# Work instructions
Below are records with pictures. Reproduce exactly the lines from the line with "Dr. Fauci 8x10 Baseball Photo" to the line with "Volkswagen Golf DIESEL full", inclusive, and leave each picture out.

# Entries shown
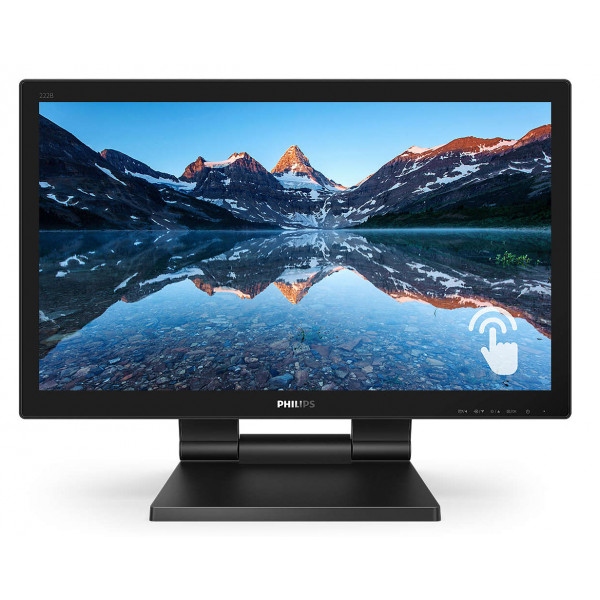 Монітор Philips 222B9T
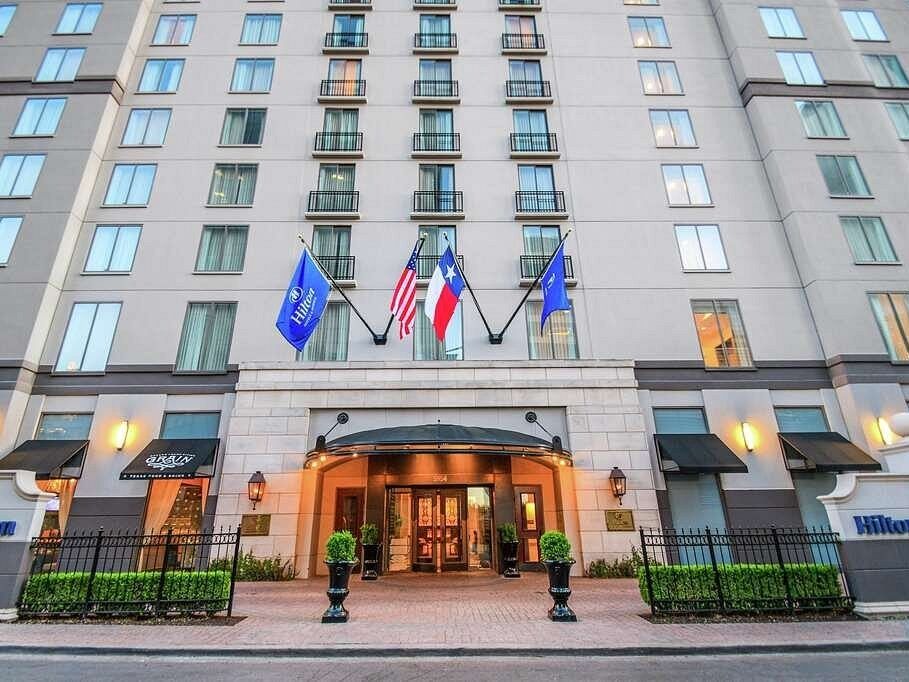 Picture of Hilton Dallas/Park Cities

...

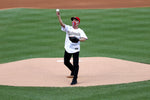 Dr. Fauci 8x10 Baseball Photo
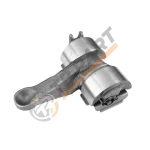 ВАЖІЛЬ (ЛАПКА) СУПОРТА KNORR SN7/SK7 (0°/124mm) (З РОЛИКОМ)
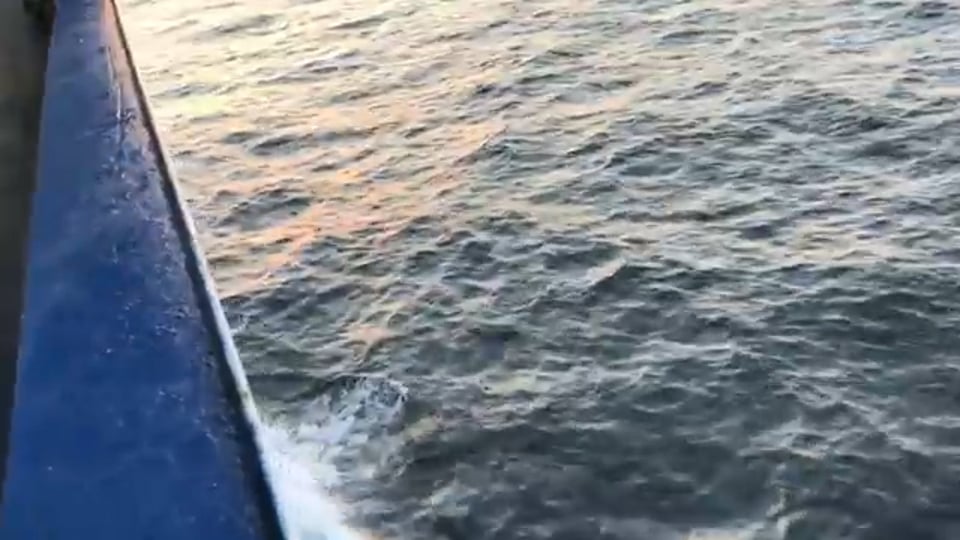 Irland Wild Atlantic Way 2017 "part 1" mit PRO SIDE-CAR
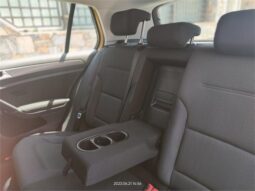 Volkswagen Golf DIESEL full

# Answer to this problem
 Dr. Fauci 8x10 Baseball Photo
 ВАЖІЛЬ (ЛАПКА) СУПОРТА KNORR SN7/SK7 (0°/124mm) (З РОЛИКОМ)
 Irland Wild Atlantic Way 2017 "part 1" mit PRO SIDE-CAR
 Volkswagen Golf DIESEL full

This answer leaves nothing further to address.